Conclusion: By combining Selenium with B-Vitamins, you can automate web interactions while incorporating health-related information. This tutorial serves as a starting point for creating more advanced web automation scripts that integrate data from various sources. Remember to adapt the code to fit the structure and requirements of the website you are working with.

++++++++++

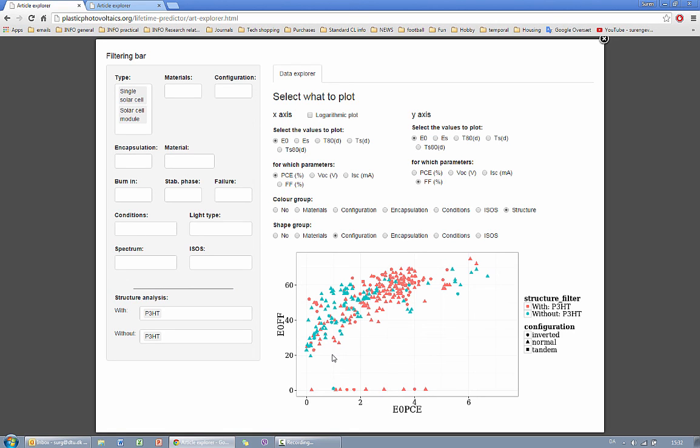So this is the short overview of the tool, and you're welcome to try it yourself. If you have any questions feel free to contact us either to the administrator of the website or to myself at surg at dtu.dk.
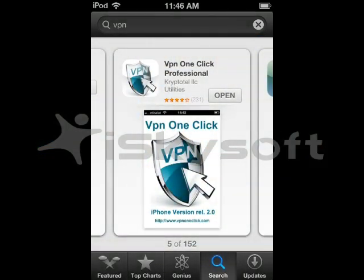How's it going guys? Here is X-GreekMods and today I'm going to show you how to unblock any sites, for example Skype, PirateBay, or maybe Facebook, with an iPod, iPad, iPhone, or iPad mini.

++++++++++

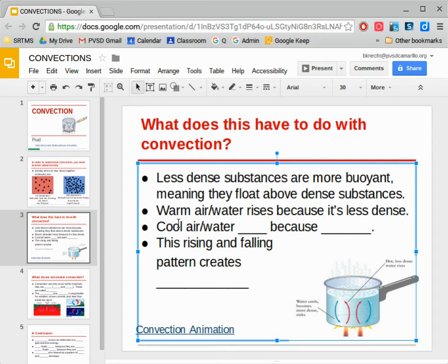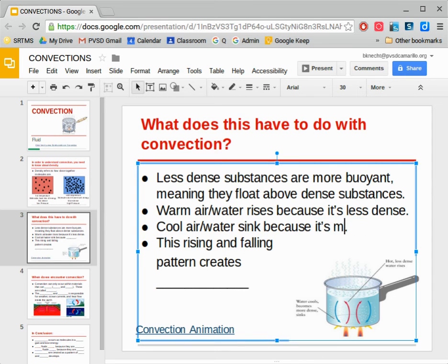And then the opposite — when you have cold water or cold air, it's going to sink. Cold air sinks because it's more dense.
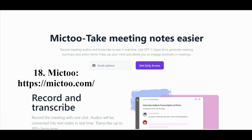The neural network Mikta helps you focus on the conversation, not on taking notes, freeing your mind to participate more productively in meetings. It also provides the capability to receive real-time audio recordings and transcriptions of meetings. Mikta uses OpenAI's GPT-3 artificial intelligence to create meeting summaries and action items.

++++++++++

Task prompt:
Above is the material; set down exactly its lines from the one containing "So this is the" down to the one containing "How's it going", both included, leaving out any pictures.

Answer to the exercise:
So this is the short overview of the tool, and you're welcome to try it yourself. If you have any questions feel free to contact us either to the administrator of the website or to myself at surg at dtu.dk.
How's it going guys? Here is X-GreekMods and today I'm going to show you how to unblock any sites, for example Skype, PirateBay, or maybe Facebook, with an iPod, iPad, iPhone, or iPad mini.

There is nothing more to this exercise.